En el sótano había una caldera, tuberías, tanques de combustible y mil botellas de cerveza vacías. Montañas de basura. Media docena de ratas enardecidas.

Los agentes revisaron las apestosas bolsas de basura, pero estaba claro que el criminal no estaba metido en ninguna de ellas.

Sachs comunicó a Haumann por radio lo que habían encontrado. Nadie había visto ni rastro del sujeto. Todos los agentes iban a reunirse en el camión del puesto de mando para proseguir el peinado del barrio, mientras Sachs investigaba los escenarios en busca de pruebas, y todos tenían presente que, al igual que antes en el museo, el asesino podía estar cerca.

… guárdense las espaldas.

Dando un suspiro, guardó el arma y se volvió hacia la escalera. Entonces se detuvo. Si subiera por los mismos escalones por los que había bajado de la planta principal, tendría que bajar otro trecho para volver al nivel de la calle. Una alternativa más sencilla era coger la escalera mucho más corta que daba directamente a la acera.

A veces, pensó, dándose la vuelta para salir por esa segunda escalera, uno tiene que mimarse un poco.

Lon Sellitto se había obsesionado con una ventana en particular.

Había oído la comunicación de que la nave estaba limpia, pero se preguntó si los de la USU habrían mirado realmente hasta en el último recoveco. A fin de cuentas, el sujeto había pasado inadvertido ante todos esa mañana, en el museo. Se había colado fácilmente hasta tener a su blanco a tiro.

Tap, tap, tap.

Esa mismísima ventana, la del extremo derecho, en el primer piso… A Sellitto le pareció que había vibrado una o dos veces.

Puede que sólo fuera el viento.

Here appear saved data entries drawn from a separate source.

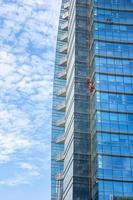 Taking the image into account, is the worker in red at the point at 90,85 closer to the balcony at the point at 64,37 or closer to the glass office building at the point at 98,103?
the glass office building at the point at 98,103

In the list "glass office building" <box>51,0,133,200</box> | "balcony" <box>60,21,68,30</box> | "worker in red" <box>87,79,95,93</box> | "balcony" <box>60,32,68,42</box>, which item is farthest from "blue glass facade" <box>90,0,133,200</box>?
"balcony" <box>60,21,68,30</box>

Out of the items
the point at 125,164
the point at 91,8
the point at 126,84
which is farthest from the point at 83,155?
the point at 91,8

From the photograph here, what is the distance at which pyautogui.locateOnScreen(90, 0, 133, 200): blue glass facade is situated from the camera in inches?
2589

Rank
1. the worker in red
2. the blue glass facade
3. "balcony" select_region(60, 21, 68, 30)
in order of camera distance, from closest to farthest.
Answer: the blue glass facade → the worker in red → "balcony" select_region(60, 21, 68, 30)

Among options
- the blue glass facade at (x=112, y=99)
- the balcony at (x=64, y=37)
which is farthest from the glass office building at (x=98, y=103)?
the balcony at (x=64, y=37)

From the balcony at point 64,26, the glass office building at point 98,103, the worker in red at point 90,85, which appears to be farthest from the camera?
the balcony at point 64,26

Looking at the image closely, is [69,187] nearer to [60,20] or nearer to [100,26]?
[100,26]

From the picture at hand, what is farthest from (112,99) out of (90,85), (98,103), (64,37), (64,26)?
(64,26)

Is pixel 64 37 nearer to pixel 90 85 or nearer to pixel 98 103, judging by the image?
pixel 90 85

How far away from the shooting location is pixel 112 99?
72.0 m

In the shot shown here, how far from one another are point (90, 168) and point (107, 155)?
432 cm

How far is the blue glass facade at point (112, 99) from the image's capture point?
65750 millimetres

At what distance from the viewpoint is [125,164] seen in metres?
67.1

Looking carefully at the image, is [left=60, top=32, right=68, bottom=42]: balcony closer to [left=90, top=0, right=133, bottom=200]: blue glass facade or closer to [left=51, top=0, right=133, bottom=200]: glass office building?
[left=51, top=0, right=133, bottom=200]: glass office building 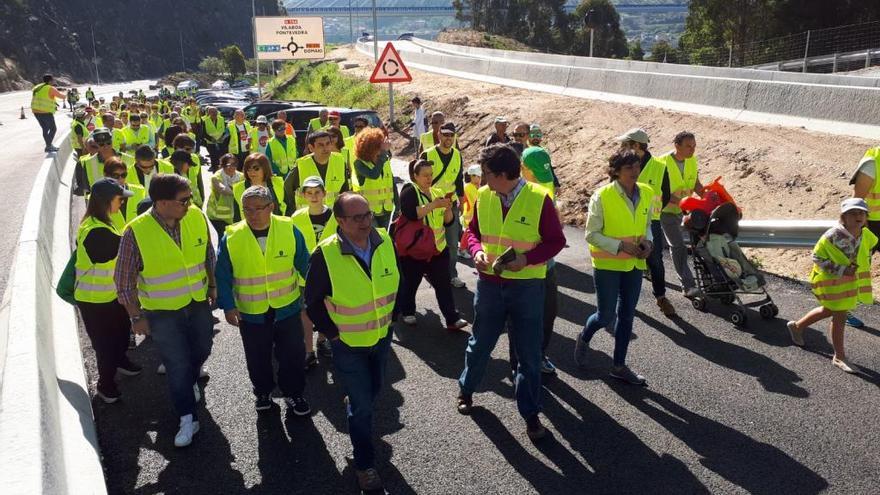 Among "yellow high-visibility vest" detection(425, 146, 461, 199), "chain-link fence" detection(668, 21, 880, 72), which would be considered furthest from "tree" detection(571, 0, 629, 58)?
"yellow high-visibility vest" detection(425, 146, 461, 199)

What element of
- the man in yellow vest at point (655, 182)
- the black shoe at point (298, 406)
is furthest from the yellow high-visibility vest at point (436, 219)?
the black shoe at point (298, 406)

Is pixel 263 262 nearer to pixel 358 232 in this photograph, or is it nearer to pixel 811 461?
pixel 358 232

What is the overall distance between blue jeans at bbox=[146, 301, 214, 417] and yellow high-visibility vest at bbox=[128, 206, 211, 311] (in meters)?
0.08

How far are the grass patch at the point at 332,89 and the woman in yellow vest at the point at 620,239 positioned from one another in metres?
18.1

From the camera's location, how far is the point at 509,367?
6023 millimetres

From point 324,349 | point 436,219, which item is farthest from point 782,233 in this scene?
point 324,349

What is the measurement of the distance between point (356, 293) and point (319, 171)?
147 inches

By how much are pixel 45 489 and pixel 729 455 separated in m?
3.98

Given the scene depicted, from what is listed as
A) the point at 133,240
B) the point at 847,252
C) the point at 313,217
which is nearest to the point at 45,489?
the point at 133,240

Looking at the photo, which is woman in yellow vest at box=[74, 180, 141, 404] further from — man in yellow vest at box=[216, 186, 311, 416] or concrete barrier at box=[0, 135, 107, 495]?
man in yellow vest at box=[216, 186, 311, 416]

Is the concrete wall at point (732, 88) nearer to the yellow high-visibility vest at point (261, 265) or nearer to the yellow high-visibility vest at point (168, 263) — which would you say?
the yellow high-visibility vest at point (261, 265)

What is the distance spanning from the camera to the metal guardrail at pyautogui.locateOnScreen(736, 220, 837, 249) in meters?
8.18

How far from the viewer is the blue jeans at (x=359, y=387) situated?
4137mm

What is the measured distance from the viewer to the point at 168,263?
15.1 feet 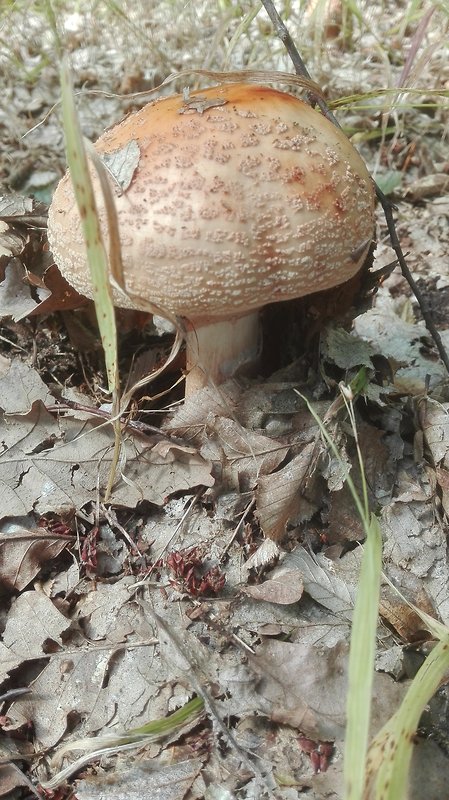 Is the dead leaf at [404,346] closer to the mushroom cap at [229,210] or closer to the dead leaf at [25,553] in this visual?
the mushroom cap at [229,210]

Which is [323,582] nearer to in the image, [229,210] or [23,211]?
[229,210]

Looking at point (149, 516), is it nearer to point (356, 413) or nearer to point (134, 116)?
point (356, 413)

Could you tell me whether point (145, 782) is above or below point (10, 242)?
below

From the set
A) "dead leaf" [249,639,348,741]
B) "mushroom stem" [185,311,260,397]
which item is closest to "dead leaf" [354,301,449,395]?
"mushroom stem" [185,311,260,397]

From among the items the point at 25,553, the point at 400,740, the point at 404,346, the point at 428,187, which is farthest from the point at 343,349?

Pero puede que el movimiento fuera provocado por alguien que estuviera intentando abrirla.

O apuntando a través de ella.

Tap.

Le dio un escalofrío y dio un paso atrás.

—Eh —llamó a un agente de la USU, que acababa de salir del importador de hierbas—. Eche un vistazo… ¿Ve algo en aquella ventana?

—¿Dónde?

—En aquella. —Sellitto se asomó, exponiéndose un poco, y señaló el cuadrado negro de cristal.

—No. Pero el lugar está limpio. ¿No lo ha oído?

Sellitto se inclinó, asomándose un poco más, oyendo tap, tap, tap, viendo unos ojos castaños volviéndose inertes. Frunció la vista y, temblando, examinó la ventana con mucho cuidado. Entonces, en los bordes de su campo visual vio de pronto un movimiento a su izquierda y el chirrido de una puerta que se abría. Un destello de luz cuando el frío sol se reflejó en un objeto metálico.

¡Es él!

—Dios —suspiró Sellitto. Cogió su pistola, arrodillándose y rodando hacia el destello luminoso. Pero en lugar de seguir los procedimientos, según los cuales cuando uno saca rápido el arma hay que mantener el dedo fuera del guardamonte, le entró el pánico y sacó su Colt de la pistolera de un tirón.

Y fue por esa razón por la que el arma se le disparó un instante después, enviando el proyectil directamente al punto en el que Amelia Sachs estaba saliendo por la puerta del sótano de la nave.